The one coast, and COVID


More successful than my last attempt at this one, but I was really struggling and done in by the time I got back to Mytholmroyd for the sleep stop, with no time for sleep, so decided to pack there. Had a bit of a snooze before I left but people deflating and rolling up air beds around me wasnt entirely conducive. Still feeling rough the next day I did a lateral flow test, which explained a lot (I’d had a negative one before the ride).

Realised LEL was not going to happen this year.

375 km

Messing about in boat(s)


A great thing to do in a heat wave.

A venture slightly further afield, cycled to Calverley Bridge and got in the river near the packhorse bridge. Tried loading some kit inside the raft for the first time – must remember not to include the inflation bag! The river was too shallow to get much further in either direction.

Northallerton 300 285 km


Continuing my form from the attempted 200 km I didn’t quite finish this one, but more as a result of being in a strop than being done in. I will not be riding this again, nor I hate to say anything else by the organiser.

I know that the majority of people use a GPS unit for navigation, but not all of us do neither is it a requirement. It *is* however a requirement that the org provides a route sheet, and IMHO (and I hope that of AUK) it should be of sufficient quality that a rider can follow the route using it alone. This one was more like a series of comments on the GPX file. It wasn’t only me who was struggling with it; BB (an experienced audaxer) who is another GPS-less rider was also having problems but unlike me doesn’t have a smart phone he can use to check a map, so was resorting to knocking on people’s doors to find out where he was.

In addition to this (again this was commented on by others) the info control instructions were not very helpful, e.g. ‘bus stop before bridge’, so you had to get to the bridge and retrace in order to find the right one.

Eventually I realised I had missed a turn to another info control and decided I wasn’t going back to find it, so I texted the org to let them know I would be a DNF, and made my way back to the car I had hired* by the most sensible route. In the last few km in the dark I heard, but did not see, another cyclist singing as they road along in the night.

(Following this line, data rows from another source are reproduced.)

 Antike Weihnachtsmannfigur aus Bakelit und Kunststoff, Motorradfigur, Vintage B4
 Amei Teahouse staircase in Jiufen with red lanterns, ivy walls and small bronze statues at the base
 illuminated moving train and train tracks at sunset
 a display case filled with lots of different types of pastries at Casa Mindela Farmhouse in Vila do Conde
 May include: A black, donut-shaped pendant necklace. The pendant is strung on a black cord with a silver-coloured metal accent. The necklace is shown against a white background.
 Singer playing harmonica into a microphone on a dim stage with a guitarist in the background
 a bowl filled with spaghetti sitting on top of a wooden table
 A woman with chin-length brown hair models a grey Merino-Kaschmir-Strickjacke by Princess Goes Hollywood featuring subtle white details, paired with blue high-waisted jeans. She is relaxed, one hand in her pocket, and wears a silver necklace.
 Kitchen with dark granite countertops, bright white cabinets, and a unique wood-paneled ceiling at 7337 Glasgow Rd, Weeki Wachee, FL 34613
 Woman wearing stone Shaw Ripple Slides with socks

*Although Northallerton is train-friendly, it isn’t during the hours that are required for a 300 km.

285 km, 22.4 kph average

Helping at the Highland Fling featuring 200 and 100 km

28/04/22 – 01/05/22

Train to Skipton to avoid the less pleasant roads before what I should have registered as a DIY 200 km. Unfortunately I didn’t take any photos of the comedy off-road section just after Gargrave, amazed that I didn’t come off.

210 km, 13 hours

The reason for the trip was to help out on the Highland Fling 1000 km at the overnight stop in Caste Douglas in the Gordon Memorial Hall, along with Les and Andy, and run by Windy. Pretty much spent all night making sure there was hot and not-too-soggy pasta at all times. Quite an interesting experience to see the pointy end of the ride (I’m never going to be there otherwise). Photos by Windy and Dean.

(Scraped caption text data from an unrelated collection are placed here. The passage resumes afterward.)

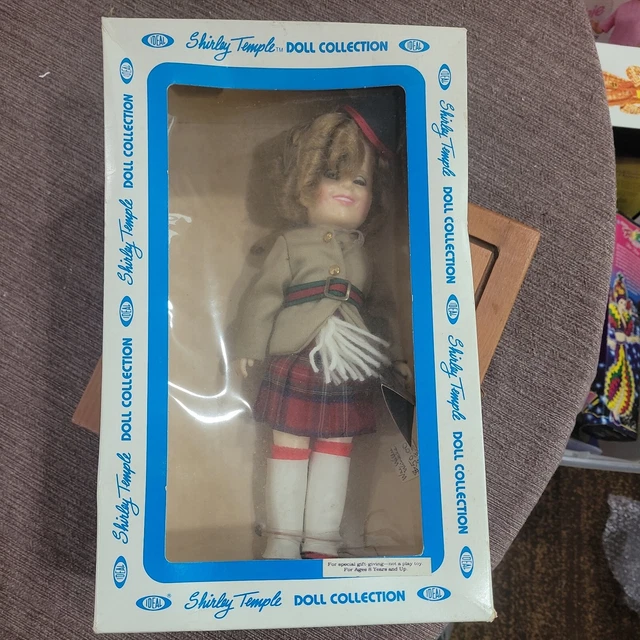 vintage Shirley Temple doll with plaid pleated skirt and Scottish attire 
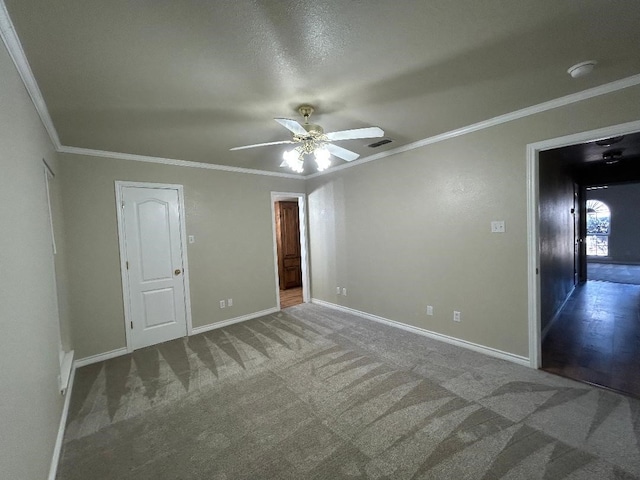 spare room with crown molding, carpet, and ceiling fan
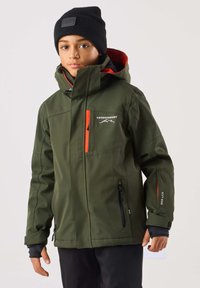 Grön utejacka med huva, med orange detaljer, dragkedjeförsedda fickor och en logotyp, bärs med en svart mössa. Slät, slitstark tyg.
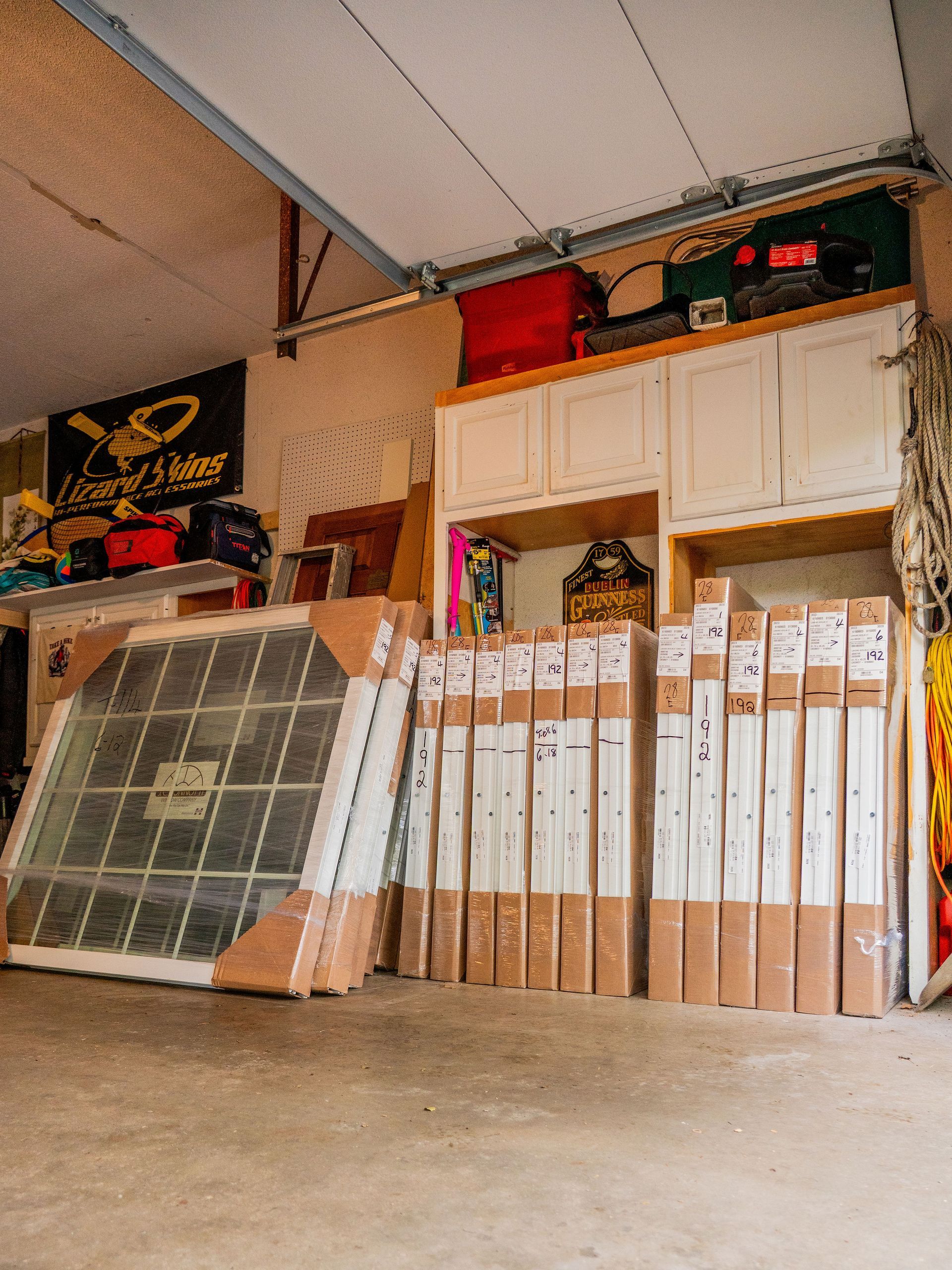 Garage interior with a large arched window and numerous packaged door frames.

First section of the return journey was a detour to visit a proposed section of LEL, which Andy had been telling me about at the control. He had un-recommended it for that because of very bad road surfaces (which it had) and it was indeed rejected before the final route was published. I tool a wrong turn somewhere and didn’t quite go the way intended, but these were new roads for me despite being just outside Lockerbie.

I have long wanted to try following the train line along the Settle – Carlisle route, which I did once I was through Carlisle. Stuck to the rail line as closely as possible but called it a day at Langwathby, which was around the 100 km mark, plus it gets a bit fussy around here and Appleby.